B. On September 15, J. Random Cracker goes to the web page and
attempts to purchase a one month membership for $6. He enters
a credit card number generated by a program he downloaded
somewhere, a name that resembles "hahdhadf sakfdjj", similar
address information, an email address that he stole from
some innocent bystander or just made up, such as (this is common)
fuck@fuck.com, and clicks the final purchase button. Immediately,
Charge Solutions takes that card number, etc., and sends it to
CardService for authorization. CardService declines it. Charge
Solutions tells Mr. Cracker that the card has been declined.
Meanwhile, I get an email informing me that an authorization was
declined, get pissed off, and save it out of habit, mainly.
Nothing more happens until the end of the month, at which time
Charge Solutions charges $0.50 to our bank account for the (failed)
authorization, and CardService charges $0.35 to our bank account.
Final result:
Us: -0.85
CardService: +0.35
Charge Solutions: +0.50
This is what is happening a lot.
C. Exactly the same as example B, except that by sheer luck, the
generated card number gets accepted. Charge Solutions tells
Mr. Cracker that the authorization was successful. I get an
email informing me that "hahdhadf sakfdjj", fuck@fuck.com, has
successfully authorized me to charge $6.00 to this card number.
Obviously, I do nothing of the kind, not being utterly stupid.
I save the email as before.
The bottom line is the same: we lose 85 cents, CardService gets
35 cents, and Charge Solutions gets 50 cents.

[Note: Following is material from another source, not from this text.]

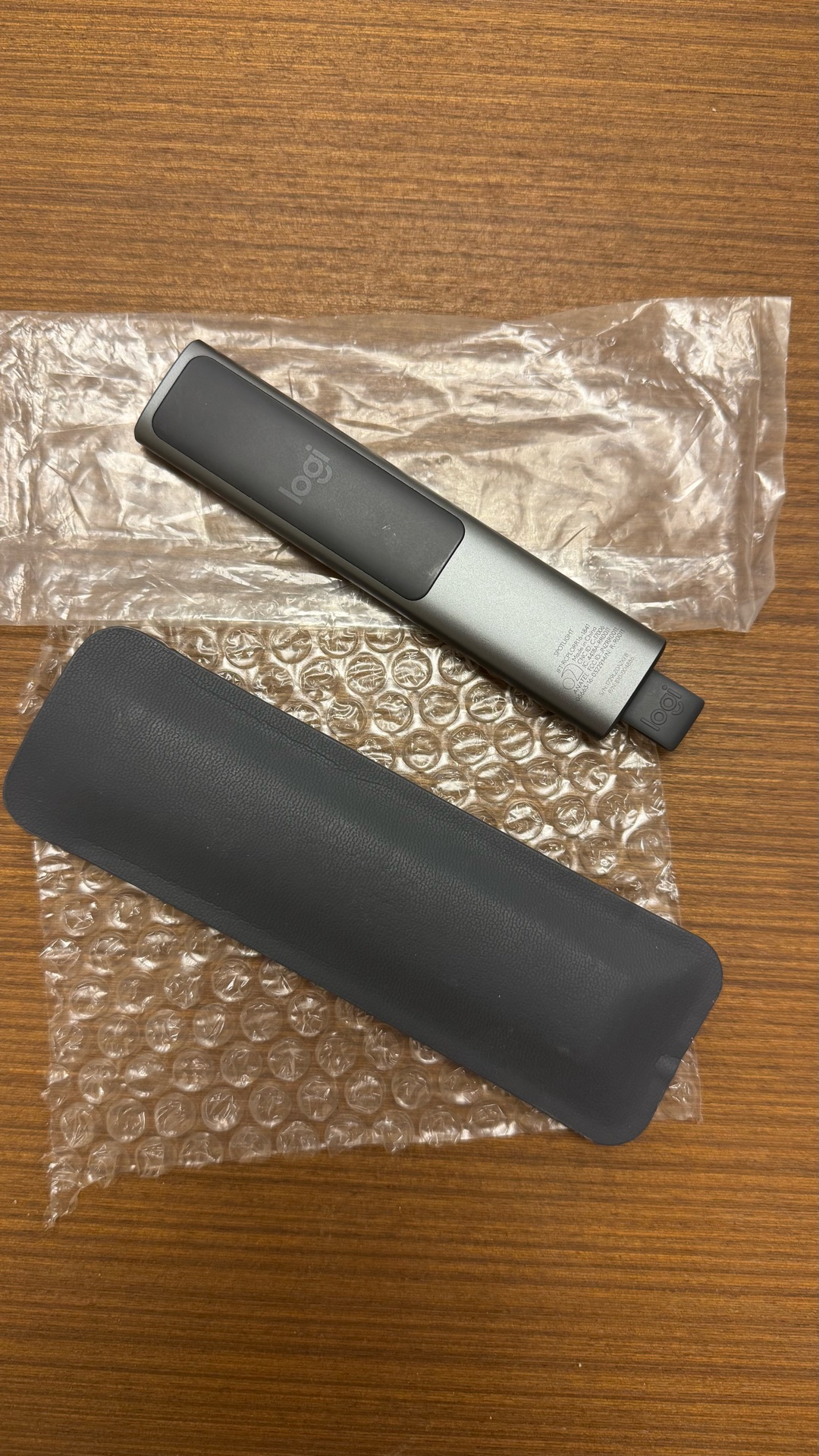 Logitech Spotlight Presenter Pointer Remote - Image 2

But in this
scenario, J. Random Cracker now knows a valid credit card number
and expiration date that he can take elsewhere.
This is somewhat simplified (Funny things happen on the CardService
side especially, with regard to batches of transactions, and the 3% is
an approximation, that varies with certain factors.), but it's
basically what's going on.
Well, that was hardly concise, but hopefully it was helpful.
| response 37 of 48: |
Sep 27 16:46 UTC 2000 |
Whooo, a cheap test for validity of credit card numbers. With only $6 being charged if it is successful, Mr. Cracker has a high likelihood of being able to use the card for over a month without being noticed. Some people wouldn't even notice, much less quibble about an unremember $6 charge.
| response 38 of 48: |
Sep 27 20:01 UTC 2000 |
Thanks very much for #36! In a certain way, Charge Solutions has a "scam" going, in that their mindless handling of every transaction attempt without oversight allows the mechanism to be abused, at grex's expense. I'm not sure off hand what could be used to limit the crackers attempts (say, to one per day) - IP address, e-mail address, SSN, etc. But this automated nicety grex tried to establish has now already proven more costly than beneficial. Without a human involved in the process - and who on grex is going to volunteer for the job - I don't see any way for grex to prevent abuse and expense. I would be glad to be shown that I'm wrong about this, but I don't have a rosy outlook at the prospects.